Priority Queue Management

  • Multi-Level Priorities - Live > High > Medium > Low > Batch
  • Queue-Based Scheduling - live, default, batch queues with different SLAs
  • FIFO Within Priority - Fair scheduling for same-priority jobs
  • Smart Job Selection - Automatic priority-based job assignment

Observability

  • Distributed Tracing - OpenTelemetry integration for end-to-end visibility
  • Prometheus Metrics - Comprehensive metrics for jobs, nodes, and system health
  • Structured Logging - Production-grade logging with context
  • Rate Limiting - Built-in per-IP rate limiting (100 req/s default)

Security

  • TLS/mTLS - Mutual TLS authentication between master and workers
  • API Key Authentication - Required for all API operations
  • Certificate Management - Auto-generation and rotation support
# Submit high-priority live stream job
./bin/ffrtmp jobs submit \
    --scenario live-4k \
    --queue live \
    --priority high \
    --duration 3600

# Configure fault tolerance
./bin/master \
    --max-retries 5 \
    --scheduler-interval 10s \
    --heartbeat-interval 30s

See docs/PRODUCTION.md for complete production deployment guide.

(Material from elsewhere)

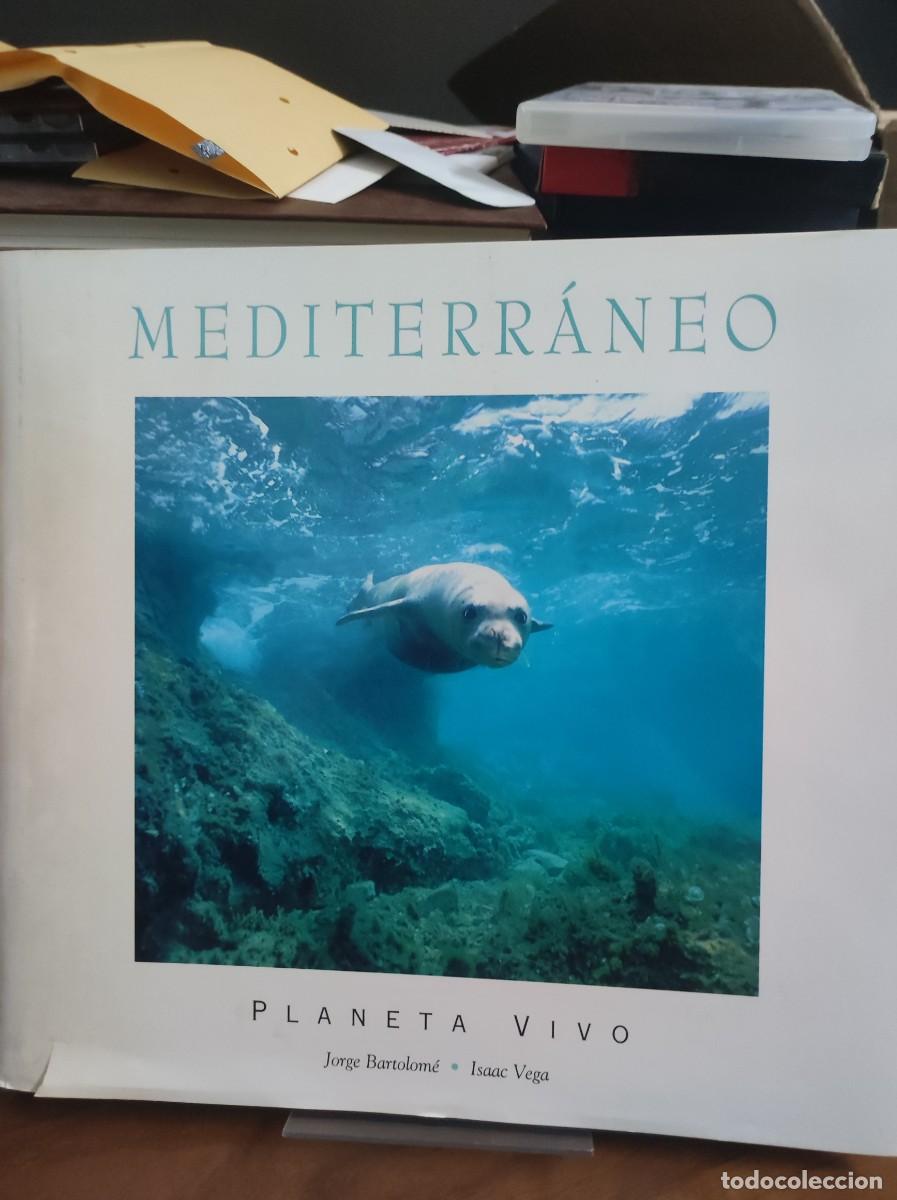 books: Mediterr&aacute;neo Planeta vivo (Jorge Bartolom&eacute; / Isaac Vega)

Dual Transcoding Engine Support

Choose the best transcoding engine for your workload:

  • FFmpeg (default) - Versatile, mature, excellent for file transcoding
  • GStreamer - Optimized for low-latency live streaming
  • Intelligent Auto-Selection - System picks the best engine automatically
  • Hardware Acceleration - NVIDIA NVENC, Intel QSV/VAAPI support for both engines
# Auto-select best engine (default)
ffrtmp jobs submit --scenario live-stream --engine auto

# Force specific engine
ffrtmp jobs submit --scenario transcode --engine ffmpeg
ffrtmp jobs submit --scenario live-rtmp --engine gstreamer

Auto-selection logic:

  • LIVE queue β†’ GStreamer (low latency)
  • FILE/batch β†’ FFmpeg (better for offline)
  • RTMP streaming β†’ GStreamer
  • GPU+NVENC+streaming β†’ GStreamer

See docs/DUAL_ENGINE_SUPPORT.md for complete documentation.

What This Project Does

This project helps you:

  1. Run FFmpeg streaming tests with various configurations (bitrate, resolution, codec)
  2. Monitor power consumption in real-time using Intel RAPL
  3. Collect system metrics (CPU, memory, network, Docker overhead)
  4. Analyze energy efficiency and get recommendations for optimal transcoding settings
  5. Visualize results in Grafana dashboards
  6. Set up alerts for power thresholds
  7. Scale workloads across multiple compute nodes (NEW in v2.1)

Architecture

The system supports two deployment modes:

1. Distributed Compute Mode (Production)

Master-agent architecture for scaling across multiple nodes:

  • Master Node: Job orchestration, metrics aggregation, dashboards
    • Master Service (Go HTTP API)
    • VictoriaMetrics (TSDB with 30-day retention)
    • Grafana (visualization)
  • Compute Agents: Execute transcoding workloads
    • Hardware auto-detection
    • Job polling and execution
    • Local metrics collection
    • Results reporting

2. Local Testing Mode (Development Only)

Docker Compose stack on single machine:

  • Nginx RTMP: Streaming server
  • VictoriaMetrics: Time-series database
  • Grafana: Dashboards
  • Go Exporters: CPU (RAPL), GPU (NVML), FFmpeg stats
  • Python Exporters: QoE metrics, cost analysis, results tracking
  • Alertmanager: Alert routing

Local Testing mode is for development only. Use Distributed Compute mode for production.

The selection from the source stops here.